* Task to carry out
Collect each line of the records containing the string "Candle".

* Source data
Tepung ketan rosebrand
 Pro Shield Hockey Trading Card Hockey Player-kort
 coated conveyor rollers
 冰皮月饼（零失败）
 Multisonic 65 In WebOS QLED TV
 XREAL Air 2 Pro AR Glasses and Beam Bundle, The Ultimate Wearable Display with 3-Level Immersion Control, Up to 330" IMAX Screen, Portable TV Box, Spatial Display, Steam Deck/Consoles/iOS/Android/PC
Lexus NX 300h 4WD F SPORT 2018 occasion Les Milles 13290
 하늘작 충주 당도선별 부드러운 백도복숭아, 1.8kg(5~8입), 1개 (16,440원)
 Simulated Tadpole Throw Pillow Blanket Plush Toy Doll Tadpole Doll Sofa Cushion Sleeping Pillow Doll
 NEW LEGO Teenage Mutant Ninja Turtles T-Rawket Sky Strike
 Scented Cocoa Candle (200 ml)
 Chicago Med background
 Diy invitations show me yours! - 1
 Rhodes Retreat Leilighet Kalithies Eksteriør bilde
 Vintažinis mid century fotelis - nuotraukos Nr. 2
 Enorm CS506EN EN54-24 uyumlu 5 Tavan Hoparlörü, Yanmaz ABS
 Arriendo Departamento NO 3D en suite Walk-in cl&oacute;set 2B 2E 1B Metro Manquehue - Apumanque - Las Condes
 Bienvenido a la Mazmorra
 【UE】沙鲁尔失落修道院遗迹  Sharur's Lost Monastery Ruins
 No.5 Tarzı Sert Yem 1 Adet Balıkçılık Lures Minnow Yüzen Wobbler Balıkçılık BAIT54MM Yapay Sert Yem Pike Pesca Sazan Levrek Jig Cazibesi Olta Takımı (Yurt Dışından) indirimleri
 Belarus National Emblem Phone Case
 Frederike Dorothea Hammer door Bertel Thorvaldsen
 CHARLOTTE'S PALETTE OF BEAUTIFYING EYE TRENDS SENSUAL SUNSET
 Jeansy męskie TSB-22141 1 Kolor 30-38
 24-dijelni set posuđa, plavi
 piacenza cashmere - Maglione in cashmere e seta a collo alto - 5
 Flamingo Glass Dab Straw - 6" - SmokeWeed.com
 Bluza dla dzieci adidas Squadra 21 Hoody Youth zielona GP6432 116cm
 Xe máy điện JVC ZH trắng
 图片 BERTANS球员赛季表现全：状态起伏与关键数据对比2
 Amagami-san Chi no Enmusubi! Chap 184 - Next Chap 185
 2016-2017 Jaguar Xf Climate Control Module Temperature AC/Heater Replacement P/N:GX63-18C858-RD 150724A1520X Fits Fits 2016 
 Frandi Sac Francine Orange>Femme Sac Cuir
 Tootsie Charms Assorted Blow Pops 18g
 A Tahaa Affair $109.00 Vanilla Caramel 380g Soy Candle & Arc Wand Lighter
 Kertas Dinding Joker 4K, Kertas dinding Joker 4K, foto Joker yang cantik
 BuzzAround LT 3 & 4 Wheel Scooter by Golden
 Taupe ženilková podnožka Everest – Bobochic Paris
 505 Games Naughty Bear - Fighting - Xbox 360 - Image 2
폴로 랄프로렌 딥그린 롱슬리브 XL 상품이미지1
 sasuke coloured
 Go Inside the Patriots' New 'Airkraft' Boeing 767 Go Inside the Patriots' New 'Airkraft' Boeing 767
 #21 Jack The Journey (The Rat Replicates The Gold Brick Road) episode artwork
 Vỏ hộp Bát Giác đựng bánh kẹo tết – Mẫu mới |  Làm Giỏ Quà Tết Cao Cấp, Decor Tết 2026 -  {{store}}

* Expected output
 Scented Cocoa Candle (200 ml)
 A Tahaa Affair $109.00 Vanilla Caramel 380g Soy Candle & Arc Wand Lighter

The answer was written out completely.